By Kathy Brown, Groveland Yosemite Gateway Museum/Southern Tuolumne County Historical Society
Aside from worker's housing and administrative offices, and trains coming and going, what else was located at the Hetch Hetchy's Groveland Headquarters? One very important function served there was integrating and commanding movements of all the rolling stock on the railroad from a Groveland command center.
The earliest railroad maintenance area was just an “open air shop” on a siding along the main track on the far side of Garrote Creek, but by 1919 a permanent shop and yard area was built where CalTrans is today. By 1921 a twelve-stall roundhouse was built close to the locomotive turntable located near the Groveland Skate Park. The new combined shop and engine house had a double set of tracks through it and blacksmith and machine shops. These shops not only repaired rolling stock and construction equipment but also created some of the specialty track buses used for ambulances, mail, and excursions. The majority of the maintenance workers were local men.
A large central warehouse at the maintenance yard stored and filled orders for supplies for all of the Mountain Division of the project, from Yosemite Junction to the Dam. It contained materials such as steel, rails, wood, tools, spare parts, food, and cleaning supplies for all the construction camps. Parts and supplies traveling both east and west out of Groveland were generally carried on track buses.
Building a dam and all the rock quarrying, lumbering, and tunneling that entails can be a very dangerous endeavor. Knowing that accidents were almost inevitable San Francisco built a two story hospital at the Groveland Headquarters. Completed in 1918, it sat right beside the railroad tracks on the north side of Garrote Creek. Specially built gas-powered ambulance track cars sped the injured almost to the hospital door. Hospital staff, usually a doctor and two or three nurses, were available 24/7. It had an operating room and a large ward and could accommodate 19 hospitalized patients. It was destroyed by a fire in July of 1922. Thirty patients were successfully moved out of the hospital during the fire. In getting the last patient to safety, nurse Ethel Moyer was badly burned and broke her back in a jump from the second story. Sadly, she died the next day. San Francisco quickly built a new 75-patient hospital that was ready within the year and this time it had only one story.
Each employee on the project paid $1 from their payroll for hospitalization insurance.
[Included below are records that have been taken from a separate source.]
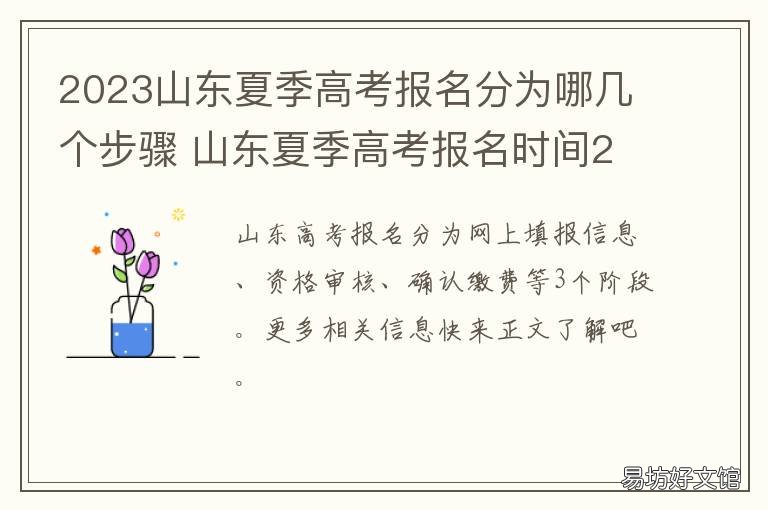 2023山东夏季高考报名分为哪几个步骤 2021山东夏季高考报名时间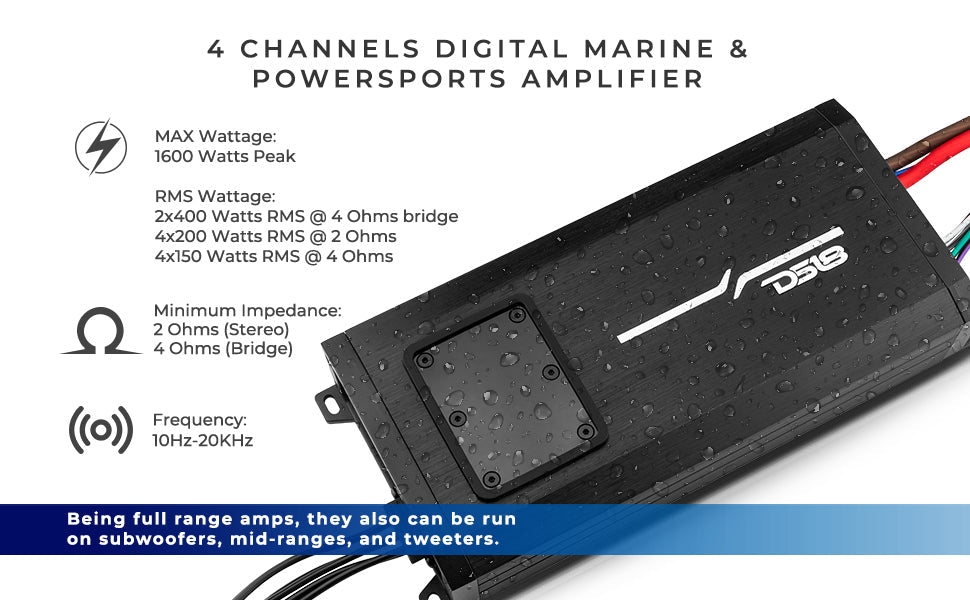 NXL 4-Channel Full-Range Class D IP67 Marine and Powersports Amplifier 4 x 150 Watts Rms @ 4-Ohm - DS18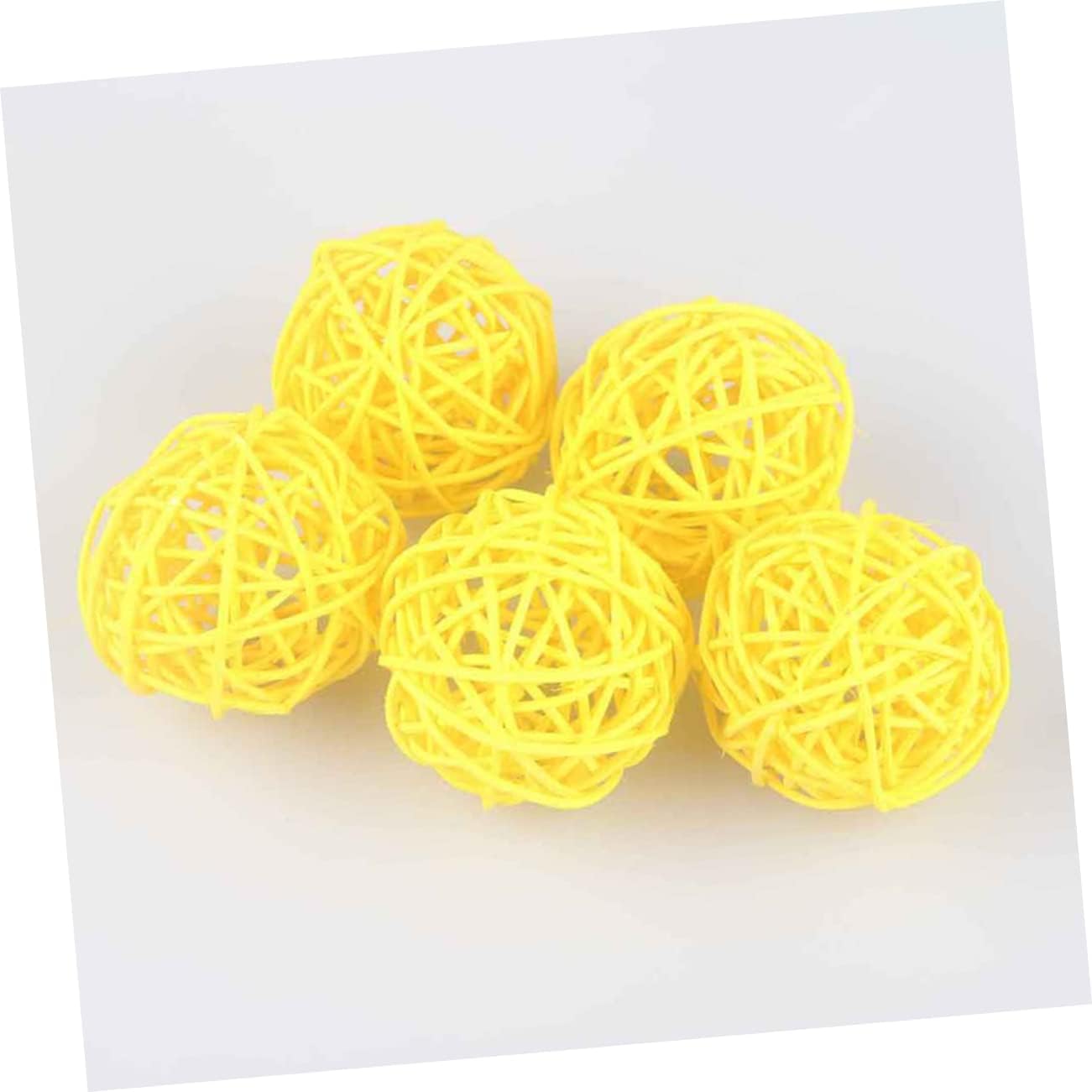 3sets Decorative Rattan Balls Creative DIY Crafts for Home Decor Wedding Party Layout Supplies Yellow White Grey Simple Vine Balls for Unique Centerpieces 15pcs*3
Local citizens not working on the project could also buy insurance. Though two other doctors preceded him, Dr. John Degnan was best known and remembered. “Doc Degnan” was born in Yosemite Valley where his parents ran a bakery and restaurant. He was usually aided by two well-respected and highly competent nurses, Mary Isaacs Meyers and Dorothy Glenn Conwell. He and his nurses not only saved the lives of many Hetch Hetchy workers but they also treated injured Grovelanders and delivered local babies. Many stories were told of horrific injuries in explosions and falls that he and and the nursed treated at Groveland hospital.
The use of Groveland as headquarters for the Hetch Hetchy Project created a badly needed boom period for the area which had seen a downturn after hard rock mines began to close due to lack of profits. Boarding houses, hotels, and cottages were needed for housing. Men were needed to work in stone quarries, sawmills and at the dam site as well as railroad maintenance in Groveland. The HHRR also transported men who worked and lived in the outlying construction camps to Groveland, the nearest town in which they could spend some of their hard-earned pay on food and drink, entertainment, gambling and women. It was the “Roaring Twenties” after all!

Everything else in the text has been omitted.